A friend asked me to help him answer a question for his past paper revision notes, and apparantly i got it wrong. Now i look silly!. The question was:
What value of capacitor must be added in series with a 1k ohm resistor, and signal source (1v peak @ 1khz) to complete the potential divider and reduce the peak voltage to half.
It should be 92nf right???
His Teacher marked it wrong and said the answer was 159uf - with a little note on the side "Reactance of 90nf does NOT equal 1k ohm at 1khz".
Vo/Vin=(1/RC)/(jw+1/RC), where w=radian frequency=2*pi*F
|Vo/Vin|=(1/RC)/sqrt(w^2+(1/RC)^2)=0.5, by problem definition
F=1000, R=1000
solving for C,
C=sqrt(3)/(w*R)
C=275.66nF
The teacher's solution (probably 159nF, not uF) does indeed give Xc=1k@1kHz, but due to the associated 45 degree phase shift, the resulting amplitude is 0.707V.
Tell your friend to take this back to the teacher.
I agree with Megamox. If you assume the output voltage is across the resistor then.
Vo/Vi = R/(R + 1/SC) = 0.5 Let SC = jwC
Vo/Vi = R/(R - j/wC) = 0.5
Thus wRC/(wRC -j) = 0.5
Take the modulus wRC/sqrt{(wRC)^2 + 1} = 0.5
Square both sides and rearrange 4(wRC)^2 = (wRC)^2 + 1
3(wRC)^2 = 1 gives C = 1/{sqrt(3) wR}
C = 92 nF
Edit: After posting this, I noticed Ron's latest post. He has the output across the capacitor. Whereas, I assumed it was across the resistor. So I'll re-do the maths to see if it agrees with Ron's simulation.
If R = 1000 ohm, w = 2 pi * 1000
I would appear that the difference is whther you take the output across the resistor or the cap. I'll do the maths and see if I get the same answer as Ron if the output is across the cap.
I transposed the R and C and re-did the maths. This way, the answer is 275 nF as Ron said.
So we are all right! (except your teacher)
I had a feeling that the Xc of the cap would not = 1 k for the output to be half.
The relationship between the supply voltage and the voltages across the R and the C is not linear. They are related by Pythagorus (I'm not sure about the spelling)
Len, you're right. Megamox, please accept my apologies.
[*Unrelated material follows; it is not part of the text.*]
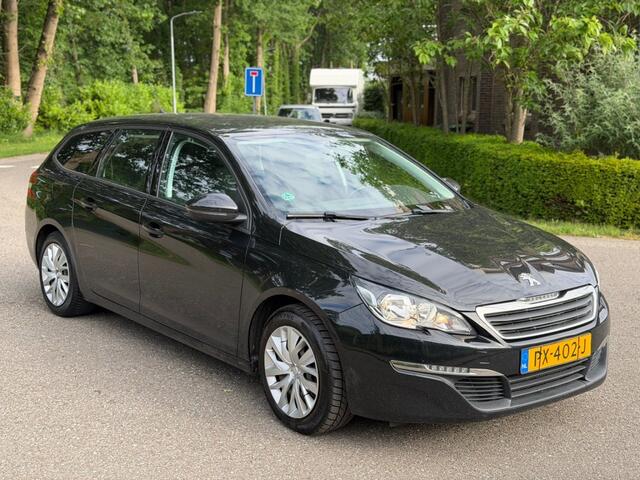 Peugeot 308 1.2 Benzine D-riem is vervangen - Navi !!!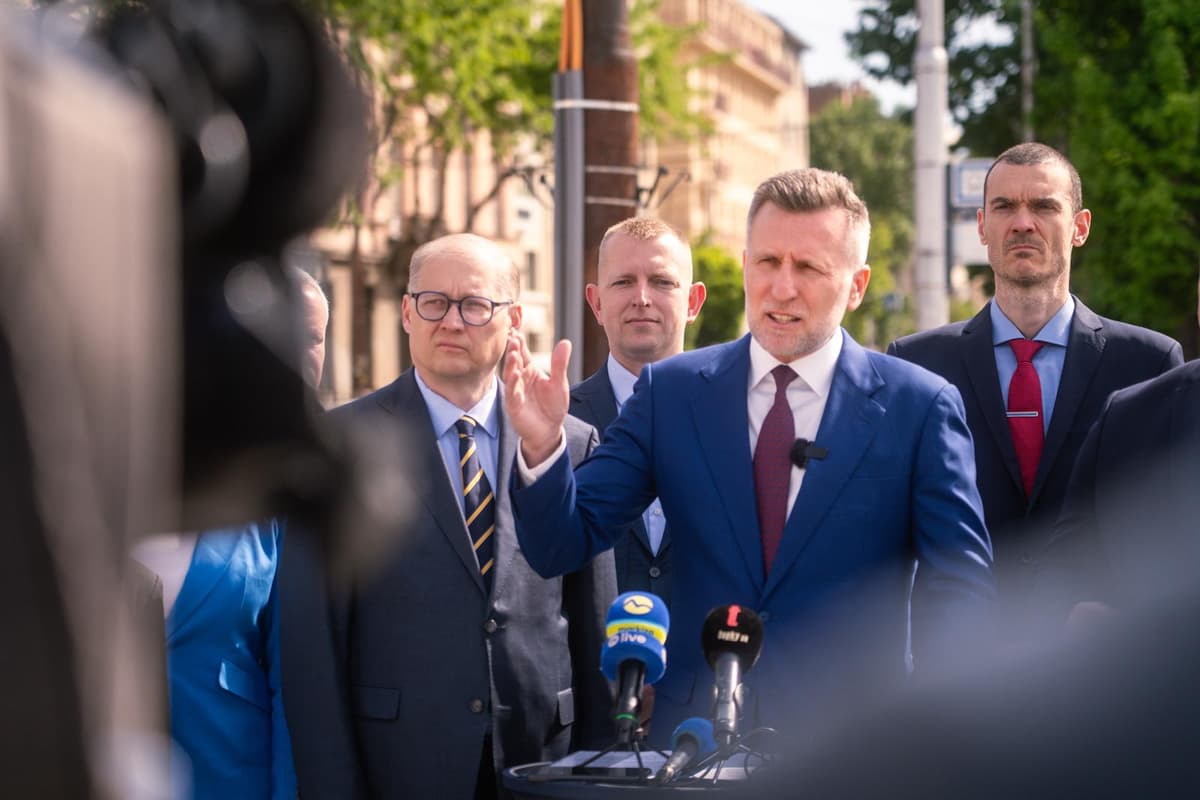 Na snímke Martin Winkler, kandidát na primátora Bratislavy a členovia mestskej strany Dunaj. Foto: Archív Martin Winkler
As Len said, I assumed the lowpass configuration. I think the original wording implied the highpass config, which I didn't even consider. I guess I was only half wrong.
Anyhow, the teacher needs some re-education.
Yeah, I know. I just felt bad for chiding Megamox while not considering that there were two solutions.
God, I hope Megamox has a way to get this back to the teacher. We have enough guys giving bad advice in this forum. We don't need teachers creating more of them! :roll:
The teacher probably meant that the capacitor with a reactance equal to the resistor will produce a half-power output from across the capacitor.
The voltage is at 0.707, therefore the output is 3dB down which is half-power.
Len, I see you've been on this forum for 2 years. You need an avatar so we can more easily spot your posts, and also to see what sort of foolish picture you select for it. :lol:
The teacher probably meant that the capacitor with a reactance equal to the resistor will produce a half-power output from across the capacitor.
The voltage is at 0.707, therefore the output is 3dB down which is half-power.